American fashion spending is somewhat less vexed, though still something of a mixed bag. While business overall is up, introductions among women’s bridge and better lines are off from last year, said Elle’s Smith. On the men’s side, however, “you have a lot of brand growth in the better and midtier department store lines,” said Details’ Mitchell. “The retail community is obviously not going gangbusters right now, but I do expect that to pick up in the second half because of an influx of new brands,” added Complex publisher Rich Antoniello. Youth-oriented retailers, meanwhile, are spending heavily, resulting in strong gains in apparel and accessories for the teen titles.
Where the “trading up” phenomenon is truly manifesting itself is in accessories. Virtually every publisher cited jewelry and watches as a fast-growing part of their business. “Consumers can’t afford the $2,000 jacket, but they sure can afford the little Prada bag or the Christian Dior wallet,” said Smith. In fact, following on the heels of W, which publishes W Jewelry, Elle is introducing a newsstand-only accessories spin-off in September.
Overall ad pages for apparel and accessories were up 3.6 percent in the first three months of 2005, according to PIB. Retail pages were up 1.3 percent.
BEAUTY: Ad pages for toiletries and cosmetics were down 4.1 percent in the first quarter, and the biggest reason for that was a sharp decrease in print spending by L’Oréal. “You can’t make up that much business,” said Smith.
“Beauty companies have been choosing magazines outside of what has been core to them in the past,” said Allure’s Berger (while noting that her own beauty pages are up this year). Within beauty, skin care and hair care-hair treatments are driving growth, while fragrance “is still sort of crawling its way back,” said In Style’s Harrison. “The fragrance business has been a challenge for many marketers over the last couple of years,” added Glamour publisher William Wackermann. One exception: “A lot of these celebrity fragrance launches have had big bucks behind them,” said Berger.
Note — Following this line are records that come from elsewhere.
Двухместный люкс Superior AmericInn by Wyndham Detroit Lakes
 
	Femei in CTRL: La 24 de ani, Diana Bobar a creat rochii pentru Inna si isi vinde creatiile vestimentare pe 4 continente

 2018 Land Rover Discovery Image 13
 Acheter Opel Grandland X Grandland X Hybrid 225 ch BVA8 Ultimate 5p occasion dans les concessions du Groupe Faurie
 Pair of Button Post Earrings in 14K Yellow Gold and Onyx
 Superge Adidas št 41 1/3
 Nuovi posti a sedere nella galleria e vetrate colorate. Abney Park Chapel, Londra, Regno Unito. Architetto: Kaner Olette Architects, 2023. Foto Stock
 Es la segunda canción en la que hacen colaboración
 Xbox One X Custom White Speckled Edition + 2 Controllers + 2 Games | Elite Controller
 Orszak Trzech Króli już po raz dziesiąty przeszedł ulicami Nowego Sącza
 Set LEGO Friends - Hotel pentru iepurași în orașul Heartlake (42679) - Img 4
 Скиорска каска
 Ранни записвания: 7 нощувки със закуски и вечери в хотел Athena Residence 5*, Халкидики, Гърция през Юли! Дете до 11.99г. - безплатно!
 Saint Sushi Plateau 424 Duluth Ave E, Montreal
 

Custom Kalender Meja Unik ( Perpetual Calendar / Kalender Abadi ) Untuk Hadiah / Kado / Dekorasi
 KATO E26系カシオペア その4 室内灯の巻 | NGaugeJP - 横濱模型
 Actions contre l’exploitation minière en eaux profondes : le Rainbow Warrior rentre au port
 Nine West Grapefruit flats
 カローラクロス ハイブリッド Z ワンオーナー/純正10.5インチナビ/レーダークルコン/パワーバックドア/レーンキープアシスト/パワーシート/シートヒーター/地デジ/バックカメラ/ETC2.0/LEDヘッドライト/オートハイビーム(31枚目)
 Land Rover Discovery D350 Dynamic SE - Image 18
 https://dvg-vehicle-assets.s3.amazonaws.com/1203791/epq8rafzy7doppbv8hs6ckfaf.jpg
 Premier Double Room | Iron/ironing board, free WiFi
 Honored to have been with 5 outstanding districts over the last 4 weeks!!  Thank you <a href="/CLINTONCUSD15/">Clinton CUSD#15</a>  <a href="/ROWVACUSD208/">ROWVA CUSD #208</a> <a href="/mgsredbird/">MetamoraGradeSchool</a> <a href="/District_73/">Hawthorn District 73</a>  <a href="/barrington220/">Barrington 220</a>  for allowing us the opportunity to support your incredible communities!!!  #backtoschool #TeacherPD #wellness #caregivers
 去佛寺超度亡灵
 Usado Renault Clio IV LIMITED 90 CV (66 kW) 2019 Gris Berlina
Men’s grooming continues to come into its own as an ad category — so much so that Allure will publish a magazine-within-a-magazine in its December issue devoted to the topic. “I know people have been talking for years about a men’s skin care boom, but I’m finally starting to see a real pulse there,” said Best Life publisher Mary Murcko. “The drugstore brands are really starting to get into the idea of skin care for men,” added Rolling Stone’s DeLuca.
AUTOMOTIVE: Solid spending by Asian and European automakers hasn’t been enough to offset large cutbacks by struggling American companies, resulting in a 2.6 percent decline in ad pages in the first quarter. “We’re all sort of licking our wounds and looking to other categories to make up the losses in automotive,” said Details’ Mitchell. “Domestic auto is killing everybody,” added People publisher Paul Caine. “The problems there are beyond advertising.”
SHELTER: Despite a flurry of new shelter books, including Domino and O At Home, home furnishings spending has been surprisingly weak, falling 5.6 percent in the first quarter. “There’s a softness in the home category,” said Shop Etc. publisher Cynthia Lewis. “There are too many shelter books out there,” added Town & Country’s Taylor. “You would think the advertising would be there in support, but it’s not.”
PHARMACEUTICALS: Safety concerns, particularly in the wake of studies linking Vioxx to heart disease, have drugmakers playing it safe by curbing their marketing. Pages for the category were down 4.1 percent. “It’s not an industry that’s necessarily challenged, but everyone’s moving a little slower because of these issues,” said People’s Caine.
SPIRITS: Cable continues to drain away liquor advertising, once largely the preserve of magazines. “I’ll be curious to see if this is a long- or short-term trend,” said Esquire publisher Kevin O’Malley. “Cable can’t do what we in print do for them beyond the pages of the magazine,” in terms of events and added-value programs.